Marcello is an apparently gifted writer that has chosen to wastefully dedicate his talents to the tabloids. He claims that he is writing a novel, but his time and life are lost in a pointless and relentless pursuit for sex. All things in his life are sacrificed to his empty romantic pursuits, which ultimately destroy him. His flattery, which might have once had a sort of youthful wistfulness or charm, wrecks his ambition, his morality, and ultimately leaves him drifting through a nihilistic life dedicated to little more than the superficialities and shenanigans of the wasting upper classes.
In certain brief moments we can see the depth of the character, but the moments of honesty and reflection are only chimerical, always overshadowed by his lust. An interesting revelation strikes Marcello in his time at the home of the Steiners. He looks upon their home as a “sanctuary,” and he listens enraptured to Mr. Steiner’s thoughts about the world facing his children. He is amazed by Mr. Steiner’s thoughts and the depth of his love and concern for his children. Yet, it is apparent that Marcello sees only the thin veneer of safety in the family’s home, not comprehending Mr. Steiner’s obvious torment when Mr. Steiner describes his feelings of belittlement and oblivion to the guests at the party. Furthermore, this is an interesting dichotomy at the party: while most of the guests are obsessed with the flatteries of meaningless poetry, art, and hedonism, Mr. Steiner records the sounds of nature, revealing a passion for reality that is only shared by Emma. However, Emma proves the stronger, attempting to love (albeit fruitlessly) the decaying Marcello, his Mr. Steiner takes the lives of his children and himself in despair. Both, it seems, feel true love and compassion, but while Emma manifests her love in single-minded, even obsessive devotion to a man that refuses to love and respect her, Mr. Steiner becomes lost and sees death as the only escape from a painful and senseless existence.

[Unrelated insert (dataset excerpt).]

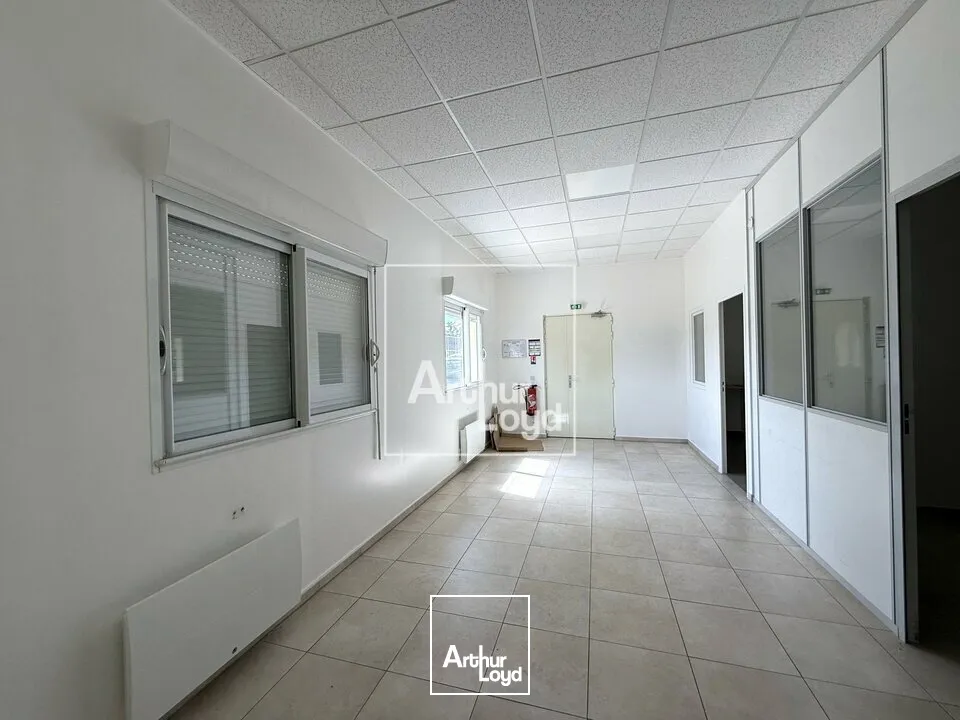 Locaux d'activité & Entrepôts - Location - VULAINES-SUR-SEINE - 77870 - 83-433 - 7838776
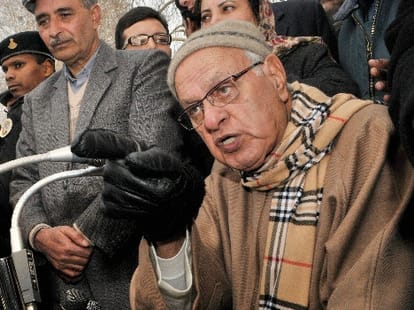 india can't keep J&K if muslims viewed with suspicion, says abdullah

After the party we see Marcello vanishing off to a beach to sit before his typewriter and attempt to put his thoughts and talents to work. However, after a brief interruption he gives up and begins to flatter an innocent young girl from the countryside. There is a sense that this is one of million small moments in which he caves in to his environment and relinquishes his efforts to create, and the sum of each small concession to the world is the loss of his soul.
Marcello’s interactions with his father reveal a deep source of his confusion. His father is a festive, free-spirited man that is a greater flatterer than Marcello. He leaves his wife at home to spend the night in Rome pursuing a dancer at a cabaret, then, near dawn, breaks down, both physically and emotionally, closes off to the world, and demands to return home to the safety of the countryside, his home and his wife. Marcello reveals the degree of distance that separates his family from himself, telling that his father was often gone for long periods during Marcello’s childhood, leaving the boy with his crying mother at home while he undoubtedly tramped around the cities of Italy. In speaking of home, the old man reveals what drives himself (and his son): at home he feels old and lifeless, and he mistakes lust and drink for life and vivacity. Marcello is clearly terrified of the simplicity of “home,” and his fear of the calm and peaceful life that Emma fervently longs for drives his reckless pursuit of sexual gratification.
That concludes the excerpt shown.